Eyre v. Higbee

Davies, Justice.

I shall confine myself, in the disposition of this demurrer, to the question so ably discussed on the argument, whether the recipient of a letter has any property therein.

If Tobias Lear, as the person to whom these letters were addressed, had any property in them, then the averment of the complaint, and which is admitted by the demurrer, that the plaintiff Mrs. Eyre is now the sole owner of the letters, would make that property hers.

If Lear had any property in the letters, it follows, from the admissions in the pleadings, that that property is now vested in his granddaughter.

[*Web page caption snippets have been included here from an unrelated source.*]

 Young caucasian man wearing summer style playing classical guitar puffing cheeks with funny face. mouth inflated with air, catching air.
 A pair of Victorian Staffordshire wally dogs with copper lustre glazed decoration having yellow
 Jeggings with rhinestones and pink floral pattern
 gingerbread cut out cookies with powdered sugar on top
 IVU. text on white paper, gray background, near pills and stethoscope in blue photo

I think the rule laid down by Lord Hardwicke, in the case of Pope agt. Curt (2 Atk. 342), has always been regarded as the correct one. He says: “ I am of opinion that it is only a special property in the name. Possibly the property in the paper may belong to him, but this does not give a license to any person whatever to publish them (the letters) to the world, for, at most, the receiver has only a joint property with the writer."

These views are re-affirmed and adopted in the very able and learned opinion of Mr. Justice Duer, of the superior court, in the case of Woolsey agt. Judd (11 How. Pr. R. 49).

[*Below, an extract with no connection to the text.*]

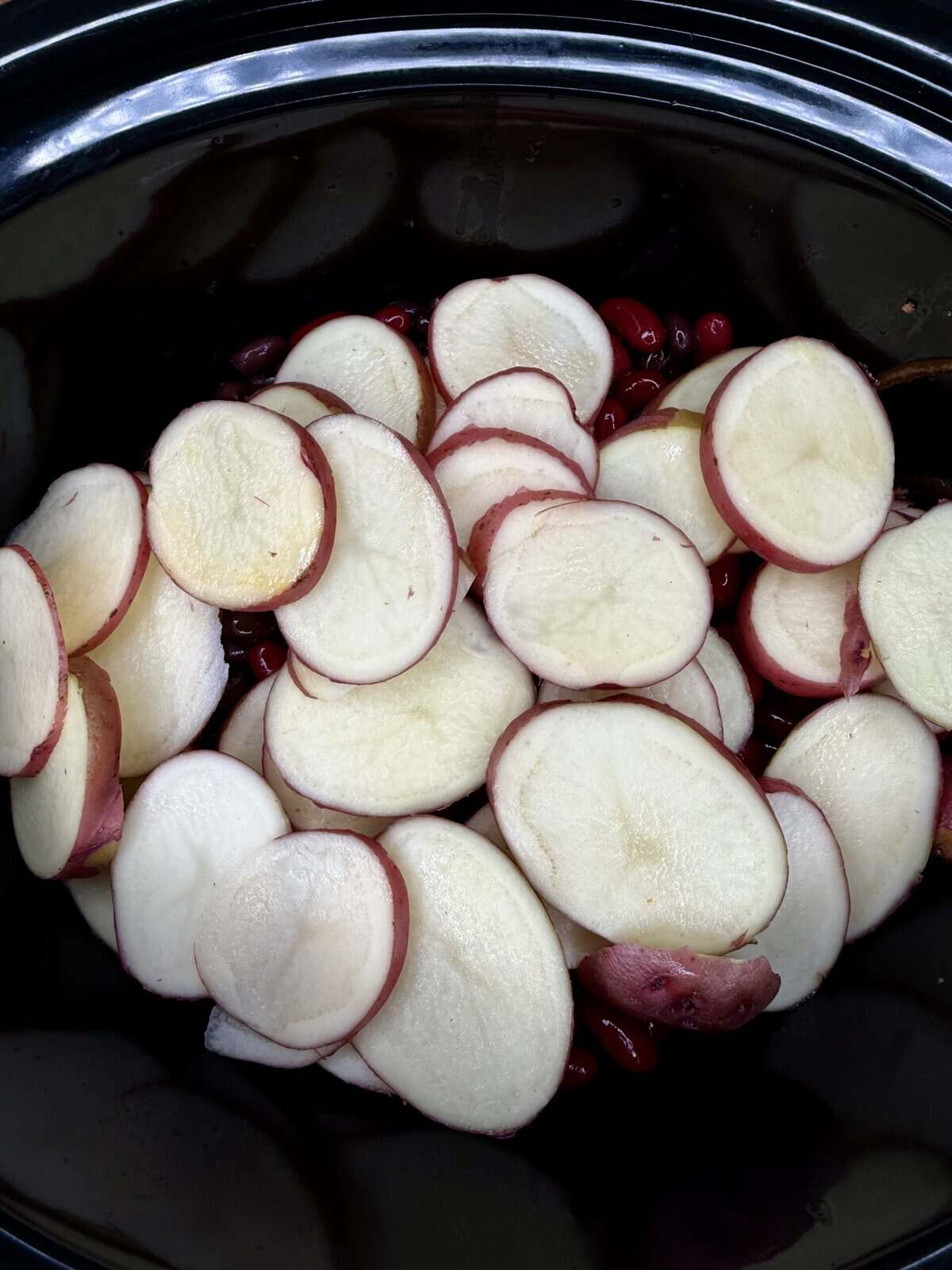 Sliced red potatoes layered on top of cranberries inside a black slow cooker, ready to be cooked.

I have not been able to find, in all the cases which I have *47examined, anything in conflict with them. Lord Eldon says, in Gee agt. Pritchard (2 Swans. 442), “I think the decisions represent the property as qualified in some respects; that by sending the letter, the writer had given, for the purpose of reading, and in some cases of keeping it, a property to the person to whom the letter was addressed, yet that the gift was so restrained, that although the purposes for which the letter was sent, the property was in the sender. * * * I doubt whether the court has proceeded so far as to decree the restoration of letters, for the principle on which it interferes, recognizing a joint property in the writer and the person to whom they are addressed.”

I think the principle deducible from all the cases is, that the writer has such a property, and such only as will enable him to restrain the publication of the letters, and that if consent to such publication be given, or no objection to such publication is interposed by the writer, a stranger cannot say that the receiver has not property in the letters, and may not do with them as he pleases.

In the case referred to supra, Justice Duer observed that “ the receiver of a letter may, indeed, publish it, where its publication is shown to be necessary for the vindication of his rights or conduct, but this license has never been extended to a person whose possession of a letter or a copy of a letter, as acquired without the consent of the writer or receiver, is wholly unlawful.”

It follows, I think, that the receiver of a letter has a property in it, and though this case does not call for any adjudication as to the rights of the writer (the defendants making no claim to them under or through him), these rights have been held to warrant the writer, or his representatives, to restrain the publication of them without his consent.

The demurrer must be overruled, with leave to the defendants to answer on payment of costs.